En procédant à une relecture des résultats concernant les travailleuses lesbiennes issus d’une recherche menée il y a quelques années sur l’insertion des personnes homosexuelles dans leur environnement de travail, nous avons pu relever les nombreuses stratégies que celles-ci déploient afin de s’y intégrer sur les plans professionnel et interpersonnel, malgré les barrières sexistes et les préjugés lesbophobes susceptibles d’entraîner de la discrimination à leur égard. La question se pose: ces données ont-elles vieilli? Certes, les législations reconnaissant la conjugalité et la parentalité homosexuelle ont favorisé la visibilité et la légitimité de la présence des gais et des lesbiennes dans les diverses sphères de la vie sociale, y compris le travail. Néanmoins, plusieurs indications donnent à penser que l’égalité sociale n’est toujours pas atteinte et que les lesbiennes demeurent peu visibles, comparativement aux gais, dans l’ensemble de ces sphères. L’on peut également supposer que les types de difficultés rencontrées par les travailleuses lesbiennes ainsi que l’assortiment de stratégies mises en œuvre pour y faire face demeurent relativement inchangées. Enfin, rappelons le biais d’échantillonnage découlant du recrutement de participantes volontaires, affirmées dans leur vie privée et œuvrant en majorité dans des secteurs réputés relativement plus ouverts à la diversité sexuelle, bref un biais favorisant un portrait moins sombre plutôt que noirci.

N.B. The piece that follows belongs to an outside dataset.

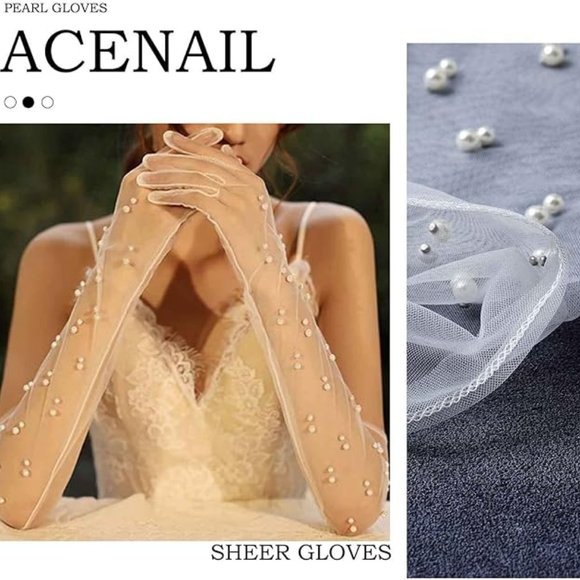 Pearl Tulle Wedding Gloves 🤍 - Picture 4 of 6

De façon générale, nous avons constaté que, d’un côté comme de l’autre de l’océan, en France comme au Québec, les pratiques virilistes et les manifestations sexistes rapportées par les lesbiennes sont semblables, même si elles varient en fréquence et en intensité selon les milieux de travail. Dans notre recherche et dans celle de Watremez (2008), les expériences des travailleuses lesbiennes concourent à révéler l’organisation sociale des sexes, des genres et des sexualités. Partir de l’existence lesbienne pour observer les modalités de mise en relation des hommes et des femmes en milieu de travail permet de montrer que la sexualité est au cœur de ces modalités. La sexualité apparaît ainsi fonctionner en tant que structure d’organisation du social.

Un travail d’explicitation théorique et empirique autour des concepts de sexisme et de lesbophobie, et de leur articulation, reste à mener, bien qu’il soit complexifié par la position hégémonique occupée par le concept d’homophobie dans les champs politique et académique (Chamberland et Lebreton, 2011). Dans nos entrevues, plusieurs participantes vivant des formes de discrimination et de harcèlement en milieu de travail ont manifesté leur hésitation ou leur confusion quant à déterminer ce qui déclenchait les comportements hostiles et dénigrants de leur entourage de travail: est-ce parce qu’elles sont lesbiennes ou parce qu’elles sont des femmes? L’intersectionnalité des logiques de domination complexifie en effet l’analyse des situations rencontrées par les lesbiennes, et plus généralement les femmes, en milieu de travail. Ceci est vrai aussi bien du point de vue des femmes elles-mêmes que d’un point de vue analytique et théorique. La poursuite d’analyses intersectionnelles, qui pourraient également prendre en compte d’autres logiques produisant des infériorités sociales comme le racisme, le handicap ou l’âge, nous apparaît indispensable.